Cloverfield arrived in theaters yesterday billed as a fresh take on the classic Hollywood monster movie and due to some excellent and effective marketing, it almost had me convinced that it was. I should first congratulate Paramount on getting this thing into cinemas without an image of the monster leaking on to the internet (at least not to my knowledge). Not knowing what I was gonna be dealing with was one of the real joys of watching the film, along with the sold out crowd at the Chinese, who clapped at every trailer (even 10,000 B.C.!). But does the film actually have anything to offer from other Hollywood monster movies? Not really.

Let’s try to focus on the positive though.

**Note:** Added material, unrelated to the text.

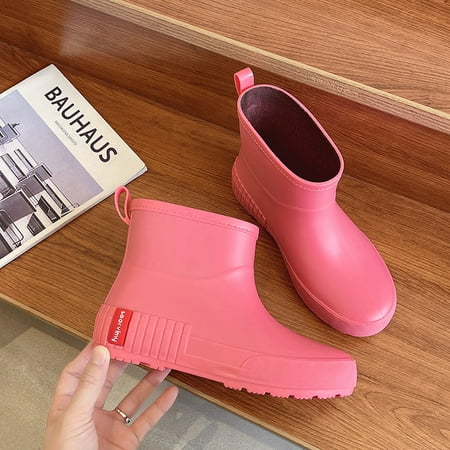 

Women S Winter Plush Adult Water Shoes Anti-Skid Short Rubber Boots Warm Rain Boots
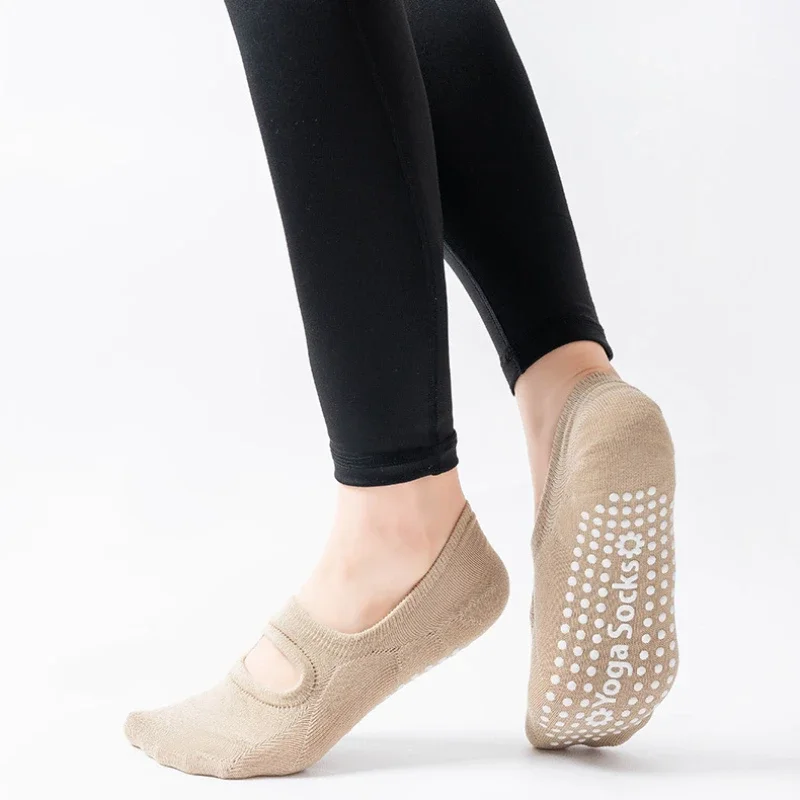 Silicone Non-slip Yoga Socks Women Large Size Backless Breathable Sports Socks Solid Color Cotton Invisible Floor Pilates yoga socks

The element of surprise is key and I will give the filmmakers credit for never giving us any information about what the thing is or where it comes from. They stick to their limited perspective gimmick and while it sometimes holds them back from delivering some real goods, for the most part it works well. The approach of the movie is good and interesting but the execution is pretty flacid. Structurally and thematically, the film is the same as any creature feature I’ve seen and the only thing that could have separated it from the pack was the aforementioned limited perspective and the relationships between the main characters. Sadly, the characters are paper thin (granted, too much in the opposite direction and they would have been too stereotypical, aka “the hot-headed jock” etc.) and the relationships are stupid. It would be one thing if the film went totally against even the idea of characters, but they don’t. They clearly spend the first twenty minutes trying to get us acquainted with these people and getting us to care. But these scenes are like a bad episode of “The Hills” and I never bought a second of it. And then the major story we’re supposed to be set up for is more or less the crappy subplot to every disaster movie where two characters who used to be really close have grown apart but reconcile due to the enormity of the danger. Yawn.

Whoops, I was trying to stick to the positive. The camera direction is fantastic and some of the shots are truly beautiful. Also, there are some scenes of real tension building and suspense that could be studied in film courses, particularly the one in the subway tunnels. And I spent a good bit of the last reel wondering how they were gonna end this thing in a satisfying way and was pleasantly surprised that they did. But I’m talking only about the last few shots and not the completely implausible five to ten minutes that preceed it. And about that tension, it is quickly squashed any time the actual monster is on camera. The design of it is fine, I guess, but the CGI is just wretched and though we don’t see it very often, whenever we do the film’s small budget becomes abundantly clear. It’s a shame because all the other effects are phenomenal. The destruction of New York City is totally convincing and some of the sets are pretty jaw-dropping.

At the end of the day, I can’t find much in Cloverfield to separate it from something like Godzilla. It’s Hollywood trying to disguise itself as something else, but if you give it just five seconds of thought afterwards, you can still see the feet poking out from under the bushes.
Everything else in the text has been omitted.